General Hun Manet’s recent North American trip was met with scepticism and abundance of noise from the so-called overseas social and political activists of the local Khmer diaspora to the extent that he had to call off his original plan to participate in the Khmer New Year cultural parade in Long Beach, California.
Given the wary political situation in Cambodia, such a reaction by these overseas activists was predictable, understandable and difficult to avoid.
Nonetheless, some analysts privately questioned whether such a chilly reception was the best thing to do. With its activists flatly shutting the door on Manet, has the diaspora itself just missed a rare opportunity to have a real say in and possibly influence some aspects of the government’s policy and direction at home?
I had heard a great deal about Manet, his background and his work, but I never met him in person. Soon after I learned about his visit to Canada, I decided to attend the evening reception held in Montreal during the last day of his trip.
During the reception, he delivered a candid speech with remarkable humility. His speech touched on a wide range of subjects from his personal life, patriotic sentiment and his aspirations as a cadet at the West Point military academy to the domestic labour shortage, migration and the politically charged border issue.
At no time throughout his entire speech did he disparage or ridicule the opposition party or those who protested against his presence. He chose instead to acknowledge the gap between the rich and the poor at home, and focussed on key measures the government put in place to assist the poor.
A segment of his speech that really connected with the audience was his respect and praise for the successes and accomplishments of fellow Cambodians, many whom came to the West empty handed, illiterate and destitute during the 1980s. On that note, he tactfully drew analogy with key progress and milestones Cambodia had achieved since that period.
This narrative may sound like classic pro-government propaganda to some. It is absolutely not the intent of this message.
For many years, the overseas activists have always wanted to have their voice heard and their views taken seriously; yet when the opportunity finally showed up, they either wrecked it or let it slip away.
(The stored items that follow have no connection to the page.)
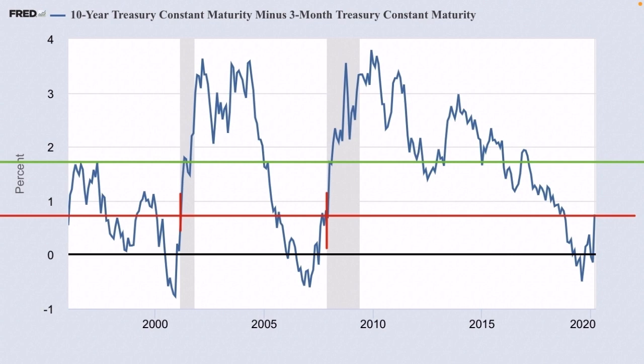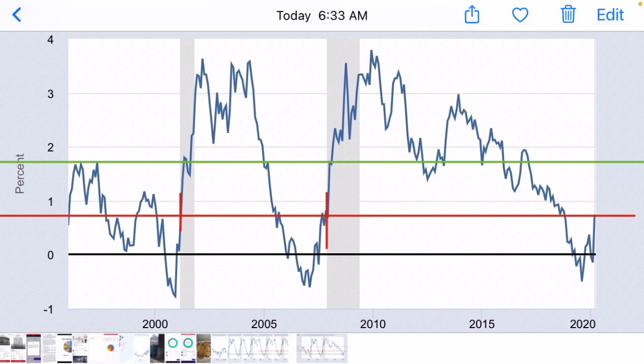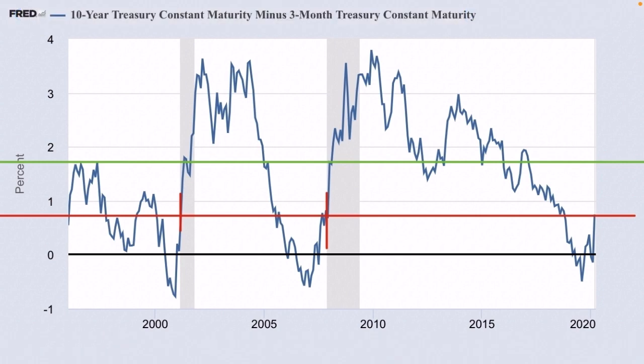I'm not saying that a market crash will happen tomorrow or anything like that, but it looks like we're getting into that territory where crash recessions tend to be, as shown in the chart for the two previous recessions. The green line indicates the highest point reached at the beginning of a recession, which was about 1.7, and we're at about 0.8 right now.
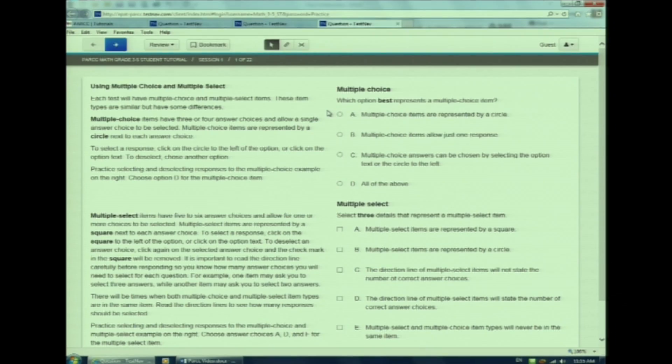Now have a seat and let's learn how to use the tools in this question type. Each test will have multiple choice and multiple select questions. These items are similar but have some important differences. Multiple choice items have three or four choices and allow only a single answer choice to be selected. As you can see, multiple choice items are represented by a circle.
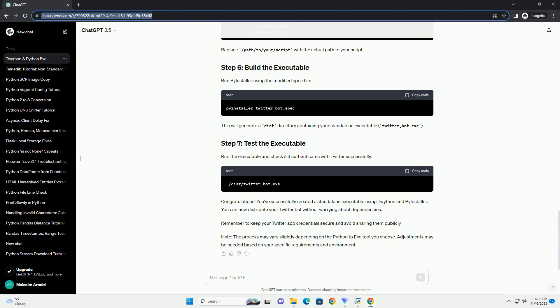This will generate a dist directory containing your standalone executable, twitter underscore bot dot exe. Run the executable and check if it authenticates with Twitter successfully.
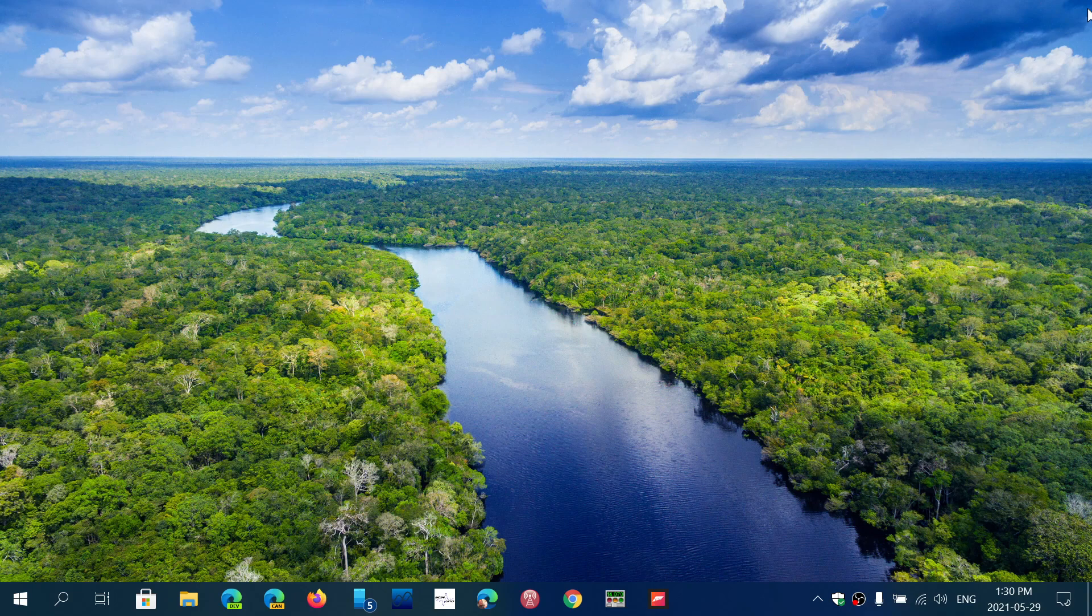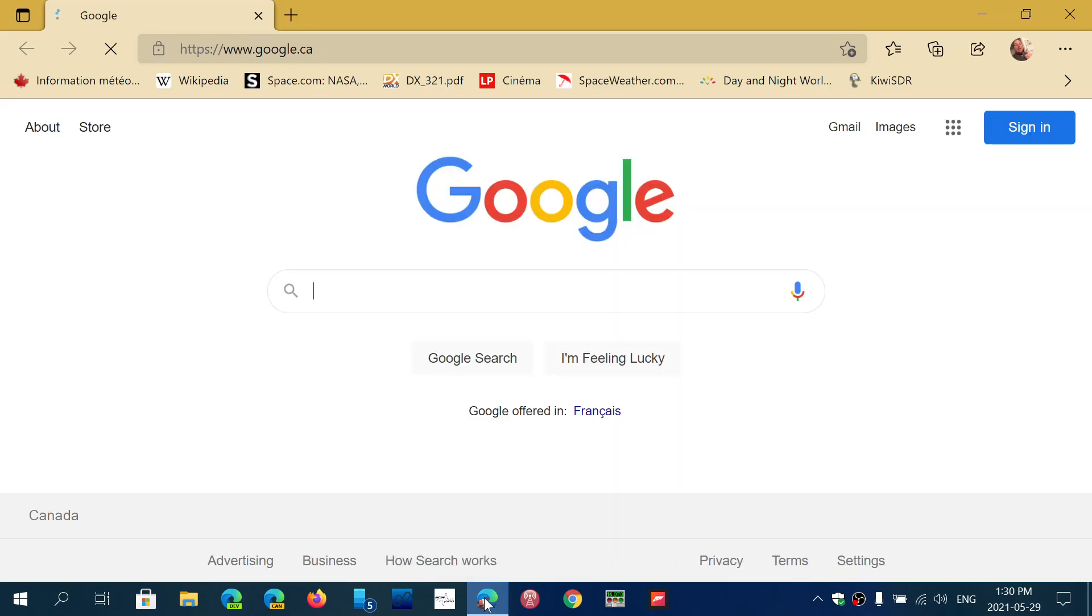So just reset your browser, reapply the settings you had before, and things will be back to the normal page and the normal way that your browser was.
The fact that Manet undertook the trip to visit Cambodian communities abroad, knowing full well in advance that he would run into tough crowds, should have been viewed by the diaspora as an encouraging sign. If anything, it was a clear indication that he wanted to have dialogues and establish good terms with the overseas communities.
Without a doubt, one of the reasons for his trip is that the government badly needs to improve its international image. On the other hand, the diaspora also desperately wants to see a better political climate and environmental management, and poverty and corruption reduction. In that context, both sides definitely have something to look for and to gain from.
Manet’s overseas trip offers a unique opportunity for both sides to test the neutral ground, break the ice and bring down barriers.
Had the local activists and community organisers adopted a less confrontational posture and seized the occasion to organise harmonious meetings through which both sides can engage in value discussion and put forward realistic propositions, a new era of mutual understanding and collaboration could have emerged.
Regrettably, the usual unhelpful rhetoric and deep-rooted tit-for-tat mentality ruined everything.
I strongly hope there will be other occasions in the not-too-distant future for both sides to meet amicably and collaborate. As I mentioned to Manet during the public photo session that evening: “I hope your excellency will come again next year.” To which he politely replied: “Or Kun Bang.”